Friday, August 19, 2011

Giving Birth to Our Dreams: Drawn or Driven?

If you've been following my blog of late, then you know that I am in the beginning stages of giving birth to a dream of starting an urban Christian retreat center in Indianapolis. This endeavor is in partnership with Sustainable Faith in Cincinnati and is called Sustainable Faith Indy.

From the beginning of this dream's inception, I have had tremendous energy for this endeavor. But about two or three weeks ago, the energy changed. It wasn't that I necessarily lost desire, it's more that the passion and movement felt like it was coming from a different place. A more anxious, willful, self-oriented place.

For days now, I've been observing this shift and trying to figure out why my dream had become draining. Through a wonderful book I have been reading, I believe God pointed me to the heart of the matter. I was being driven, not drawn toward this dream.

Margaret Silf, in her book Inner Compass, explains a distinction that St. Ignatious made many centuries ago when he spoke of periods in our life when the inner movement or motives of our heart are drawn toward consolation (in God) or driven toward desolation (away from God).

Smack in the middle of the chapter, she had the audacity to ask me (the reader) a very pointed question: "Am I feeling drawn, powerfully perhaps but always gently, or am I feeling driven?" It took little pondering to know the answer. Driven.

Why had my heart shifted toward desolation and driveness? As I reflect, I see a point when I felt like God was not moving things along solidly enough, quickly enough for my taste. I thought, perhaps, he could use a little help. My help, my initiative, my driveness.

There is something very comfortable, even natural about relying on drive to produce the energy and movement necessary to keep going and continue accomplishing. That's why I think we rarely notice or challenge what's driving us. When I was pressed to stop and clearly ask the question, "Am I being drawn or driven?", it wasn't hard for me to see the source and root of my quest. It was coming from my own self-will and anxiety, rather than from being drawn by God toward God and life and this dream.
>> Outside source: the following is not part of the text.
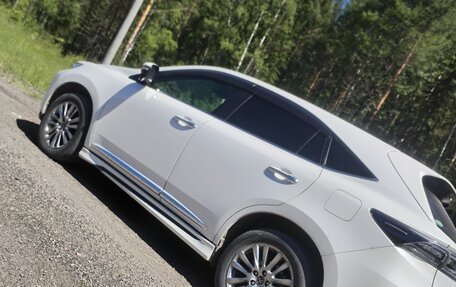 Toyota Harrier, 2015 год, 2 400 000 рублей, 4 фотография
One reflection that feels ever-so-subtle is the sense that in my fervor, I began to hide from God. My heart knew that I was straining forward in order to get done what God didn't seem to be getting done. And in the process, I began to follow down the lane of desolation, turning my back upon the precious and faithful presence of God.
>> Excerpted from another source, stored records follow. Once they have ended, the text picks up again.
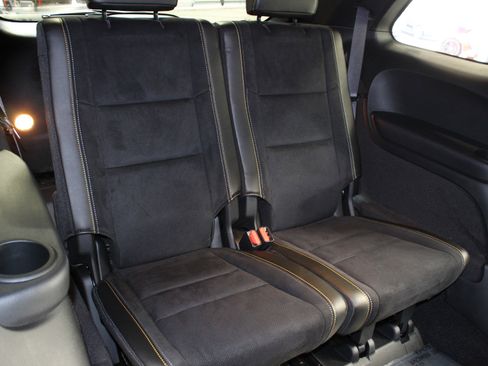 Used 2024 Dodge Durango SRT image 49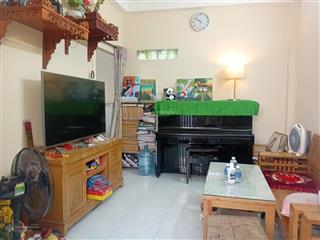 Bán nhà đường 10, trường thọ, thủ đức, gần chợ thủ đức giá 4,4ty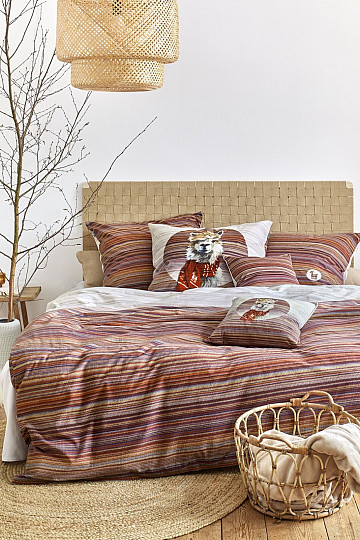 IRISETTE satin de coton de luxe ZOBEL 8556-60 LAMA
So, in the spirit of Margaret Silf and St. Ignatious, may I do a bit of noodling in your life and ask you a question or two:
  • Are you being drawn or driven? Is the movement, action, energy of your life and work coming from a place of consolation or desolation? If you take some time to ponder this question, my guess is you will know.
  • If you are being driven and moving toward desolation, how might you stop in your tracks and reorient your direction toward the One who draws you with loving kindness?
Let's hold one another in prayer that we might give birth to our dreams through the energy and passion of being drawn by God. The fruit of  our life and work will be far sweeter.